Bu başarının Türkiye’ye maliyetini ise zaman gösterecek ve tarih yazacak.

Nasıl yazacağına belki tahmin edebiliriz ama yine de tam olarak bilemeyiz.

Başarıyı kutlamak politikayı onaylamak da değildir.

Onu da söyleyeyim.


Şimdi hesaplaşma zamanı

Kusura bakmayın, bugün belki biraz uzunca yazabilirim.

Yazıya başlarken içimde öyle bir his var.

Yazı uzun olacak.

Çünkü çok doluyum.

Uzun zamandır içime attığım pek çok şeyi artık söylemek istiyorum.

1 yıl kadar önce idi, şöyle yazdım, “Ak Parti’nin seçim kazanacak gibi bir hali yok ama CHP’nin seçim kaybedecek bir hali var”

Dünden sonra artık açıkça söyleyebilirsiniz, “Haklı mıymışım, haksız mı?”

Sizce bu seçimi iktidar partisi ya da Cumhur İttifakı mı kazandı, yoksa Millet İttifakı ya da CHP mi kaybetti!”

Haklı olarak diyeceksiniz ki, “İyi de,  iktidar devlet gücünü kullandı, göçmenlere vatandaşlık verdi, Kemal Kılıçdaroğlu’na karşı haksız rekabet uyguladı, kamu kurumları tüm gücü ile Erdoğan’ı destekledi, üstüne bir de sandık oyunlarını hesaba katın”

Bunları ben de biliyorum ama iktidarın tüm bunları yapacağı zaten baştan belli değil miydi!

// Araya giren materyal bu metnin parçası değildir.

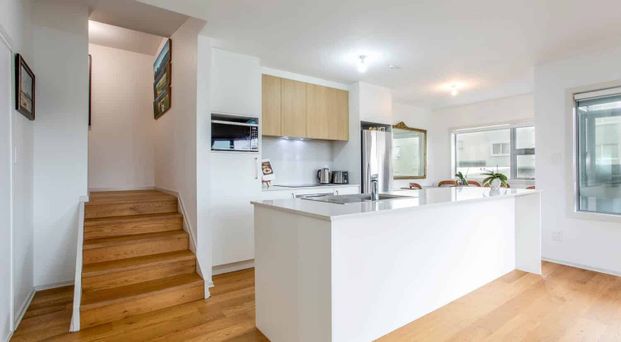 BIRKENHEAD - 2 BED - 2 BATH - Photo 1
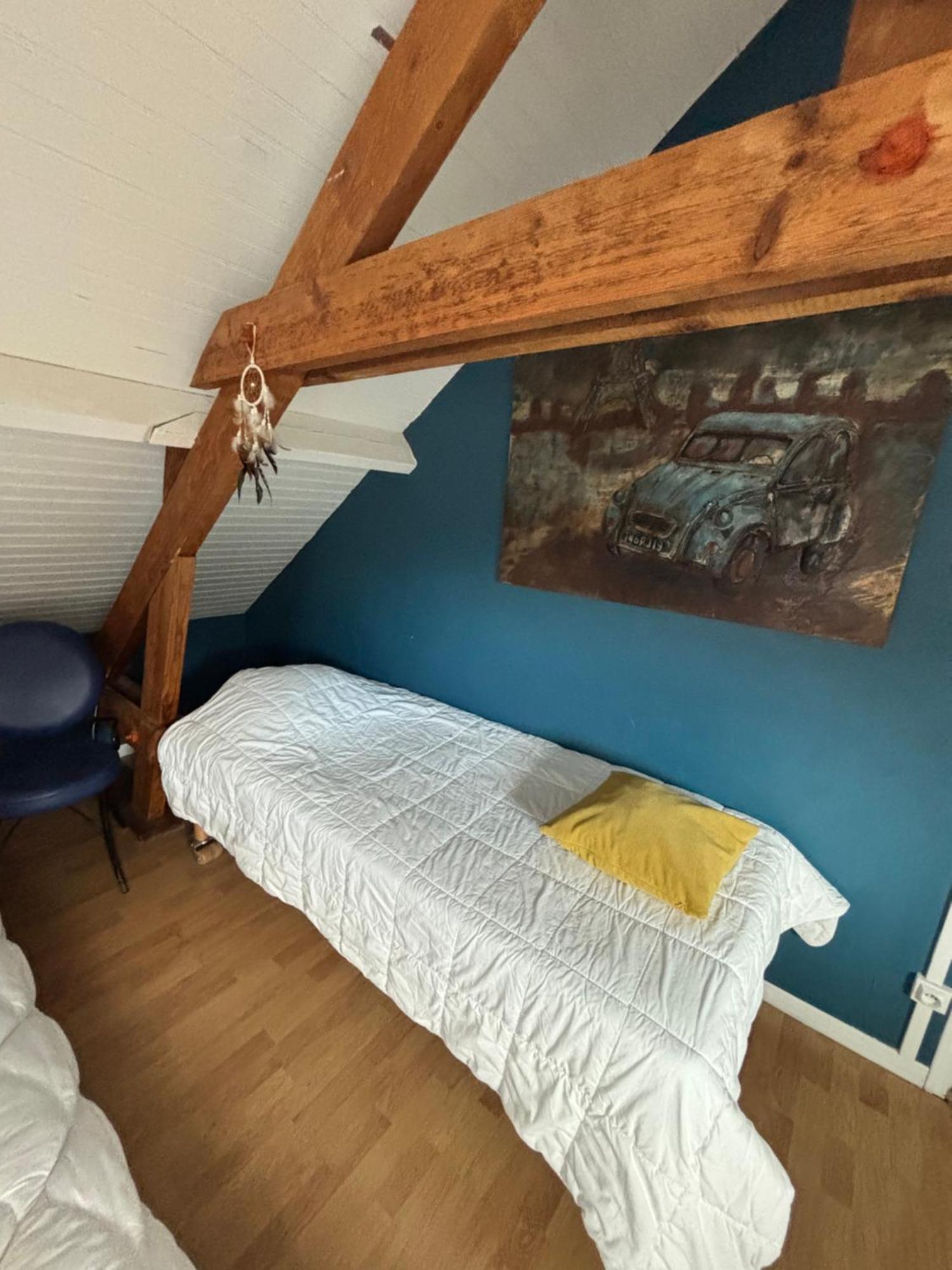 Une Ambiance Cosy Avec Jardin Privatif Nassandres Luaran gambar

Elbette iktidar tüm bunları yapacaktı ve tüm bunlar olacaktı. Bunları beklememek. Olmayacağın ummak aymazlıktı.

Mesele bir yıl önce, CHP’den Kemal Kılıçdaroğlu’nun adaylığı sinyalleri gelmeye başladığı dönemde 23 Mayıs’da yanlış aday riskine dikkat çektim. Kemal Kılıçdaroğlu’nun muhalefet cephesinden çıkarılabilecek en riskli aday olduğunu yazdım…

CHP’nin ve Millet İttifakı’nın çıkarması muhtemel adaylar arasında kazanma şansı en düşük olan adayın Kemal Kılıçdaroğlu olduğunu hem yazdım, hem söyledim.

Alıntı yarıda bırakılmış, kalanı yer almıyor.